The throne speech also commits to opening 102 new staffed health-care beds — though it doesn't indicate where the beds will be — and to develop a new strategy to reduce emergency room wait times, which will include benchmarks, Kinew said.
It will replace a wait times reduction strategy the former PC government commissioned in 2016, its first year in office.
"And how did that one go?" said Kinew, who then proceeded to speak about the PCs consolidating emergency departments and wait times trending upwards.
PC health critic Kathleen Cook said she's surprised the NDP is only now talking about a wait time strategy.
"I think for a party that campaigned solely on health care [in the last election], I think Manitobans could expect that they would have a strategy in place and be already implementing it."

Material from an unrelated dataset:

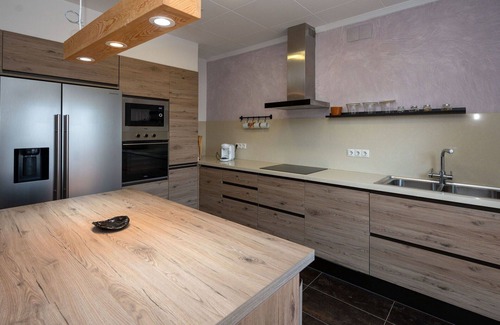 Sant Cebria de Vallalta Apartment | Beautiful apartment for 5 people with WIFI, pool, A/C, TV, patio and panoramic view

Beginning in December, Manitobans can apply for a new plastic health card. The cards will feature an image of the northern lights, the design that got the most votes in a government-run contest.
The throne speech states a new statue will be commissioned for the front lawn of the legislative building, replacing the Queen Victoria statue that was torn down by protesters in 2021 during a demonstration over the deaths of Indigenous children at residential schools.
The new monument will feature a mother and child bison that will be "a symbol of all Manitobans" and acknowledge how the history of residential schools harmed the bonds between parent and child, the throne speech states.
"I think there's an opportunity here to send a values message about who we are as Manitobans," Kinew said.
The previous statue, which the former government said was beyond repair and will not be restored, will be displayed and honoured in some fashion, the throne speech vows.
The statue "carried great historical, cultural and emotional significance to Manitobans," according to the speech, and a group of cultural institutions, museums and history and heritage experts will decide how best to display it.
Kinew is also vowing to create a new honour for veterans that consists of a physical component and an official ceremony.
On education, the throne speech commits to requiring all Grade 9 students to complete a unit on financial literacy and to introduce a new program that sends high school students to the battlefields of the First and Second World War.
The province will establish an all-party committee tasked with protecting local journalism in light of shrinking advertising revenues and the growing influence of misinformation and polarization.
The government will also speed up the process of hooking up new buildings to the power grid, which the throne speech says will ensure new homes and businesses get built faster.